→ **WHAT IS BEING ASKED**
Leaving out pictures, output exactly the lines below from the one that has "Atletico Madrid Training" through the one that has "Hello Fall (Halloween)", and nothing else.

→ **DATASET CONTENT**
=-=-=

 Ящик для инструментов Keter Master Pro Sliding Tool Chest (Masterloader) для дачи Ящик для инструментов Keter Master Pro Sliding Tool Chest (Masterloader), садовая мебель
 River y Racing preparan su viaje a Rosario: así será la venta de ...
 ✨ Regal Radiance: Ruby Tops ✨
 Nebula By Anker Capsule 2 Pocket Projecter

=-=-=

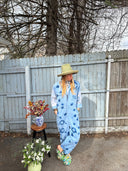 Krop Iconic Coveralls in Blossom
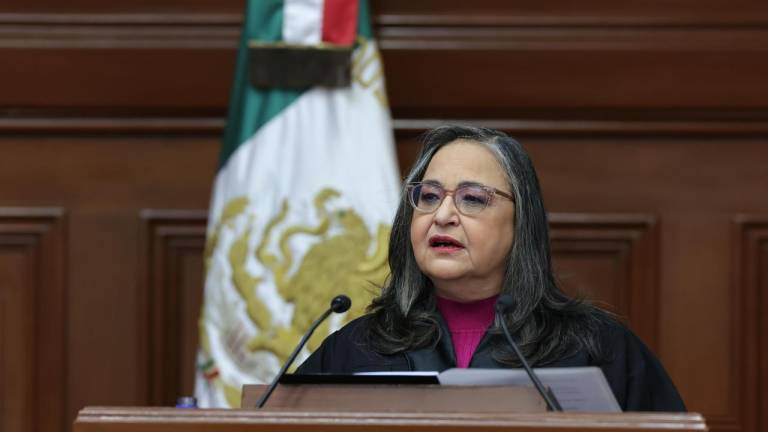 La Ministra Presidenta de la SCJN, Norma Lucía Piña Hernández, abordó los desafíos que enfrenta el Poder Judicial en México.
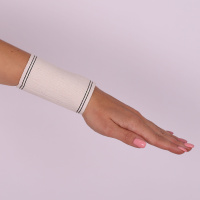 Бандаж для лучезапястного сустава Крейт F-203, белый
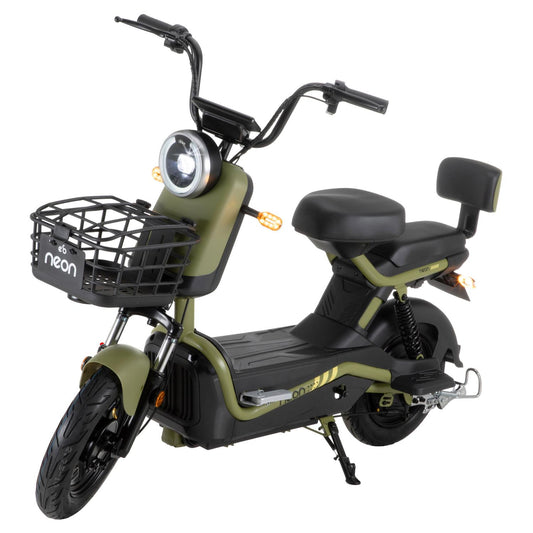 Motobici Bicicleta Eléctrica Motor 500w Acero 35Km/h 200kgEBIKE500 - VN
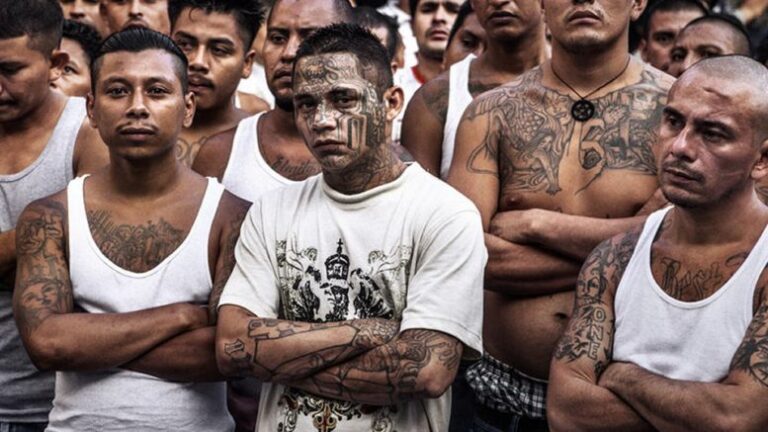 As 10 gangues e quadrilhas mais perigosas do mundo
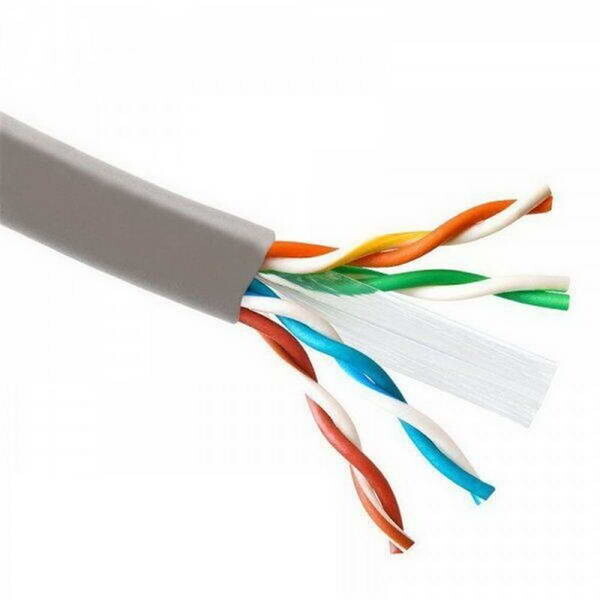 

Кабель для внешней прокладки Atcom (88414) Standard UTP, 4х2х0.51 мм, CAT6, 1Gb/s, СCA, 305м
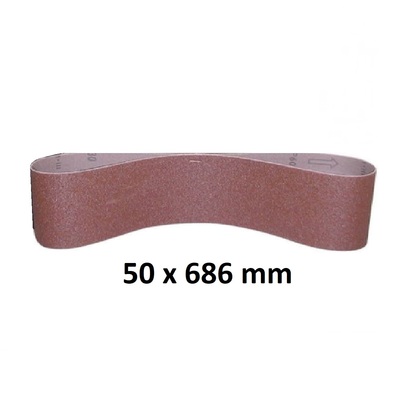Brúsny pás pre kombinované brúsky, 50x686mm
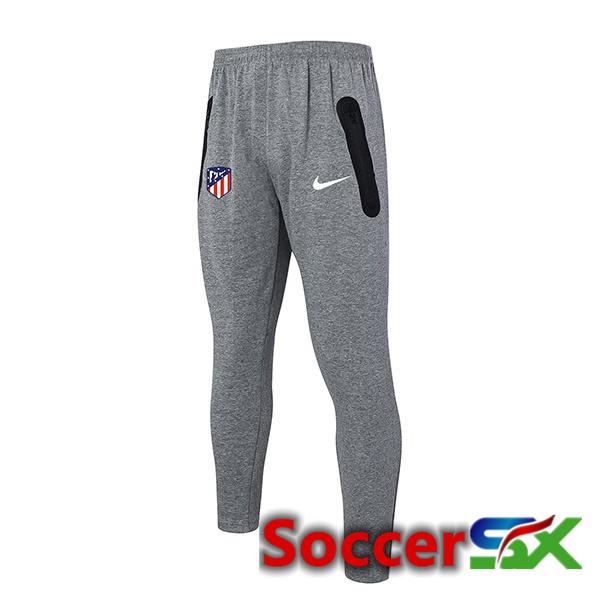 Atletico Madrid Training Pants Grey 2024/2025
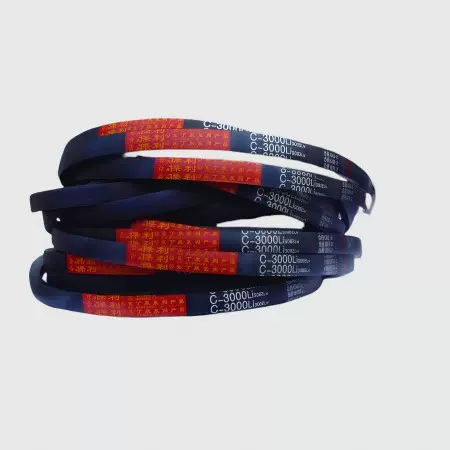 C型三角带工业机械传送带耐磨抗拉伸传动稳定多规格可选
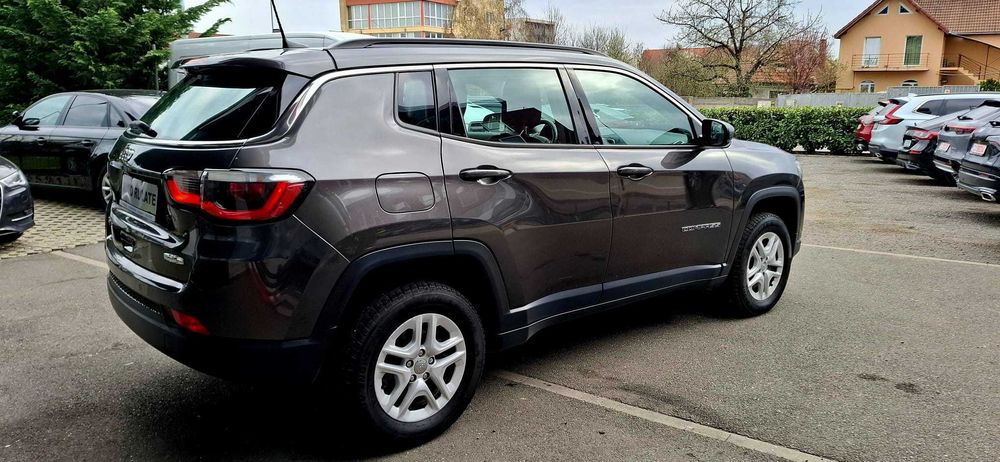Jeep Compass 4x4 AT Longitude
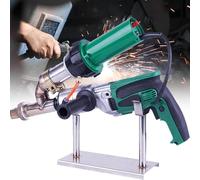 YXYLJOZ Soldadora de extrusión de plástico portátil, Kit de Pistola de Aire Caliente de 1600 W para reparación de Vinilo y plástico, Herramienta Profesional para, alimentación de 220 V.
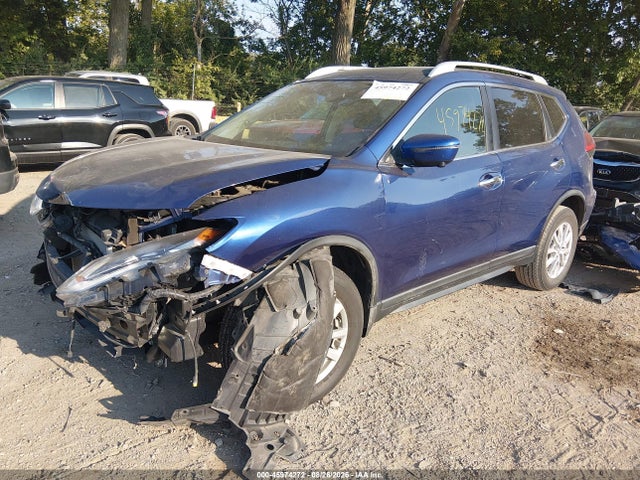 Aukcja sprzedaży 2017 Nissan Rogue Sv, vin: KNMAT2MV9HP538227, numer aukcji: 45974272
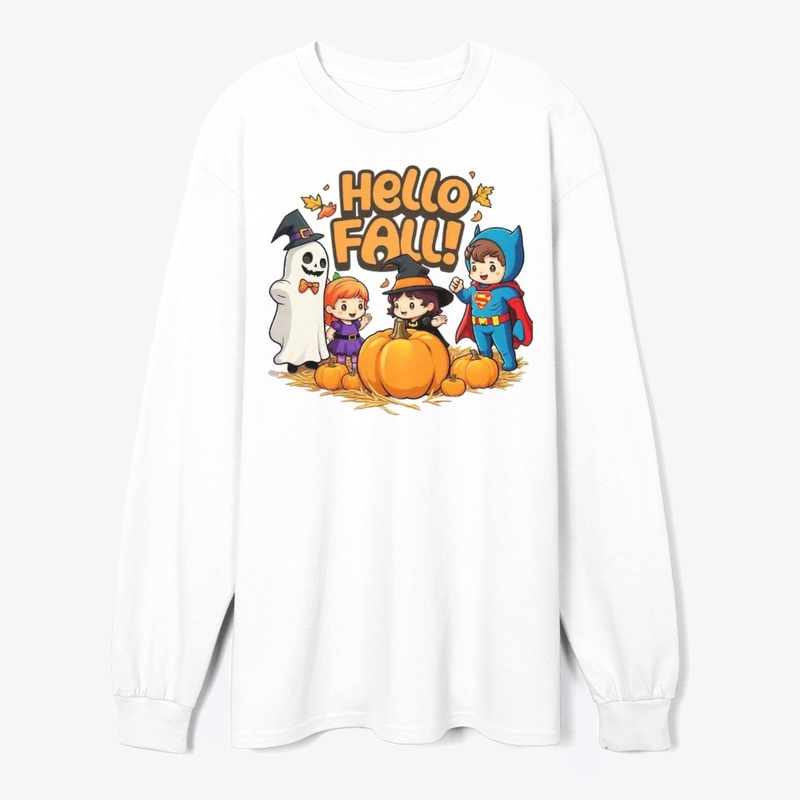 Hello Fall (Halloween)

=-=-=

→ **WRITTEN RESPONSE**
 Atletico Madrid Training Pants Grey 2024/2025
 C型三角带工业机械传送带耐磨抗拉伸传动稳定多规格可选
Jeep Compass 4x4 AT Longitude
 YXYLJOZ Soldadora de extrusión de plástico portátil, Kit de Pistola de Aire Caliente de 1600 W para reparación de Vinilo y plástico, Herramienta Profesional para, alimentación de 220 V.
 Aukcja sprzedaży 2017 Nissan Rogue Sv, vin: KNMAT2MV9HP538227, numer aukcji: 45974272
 Hello Fall (Halloween)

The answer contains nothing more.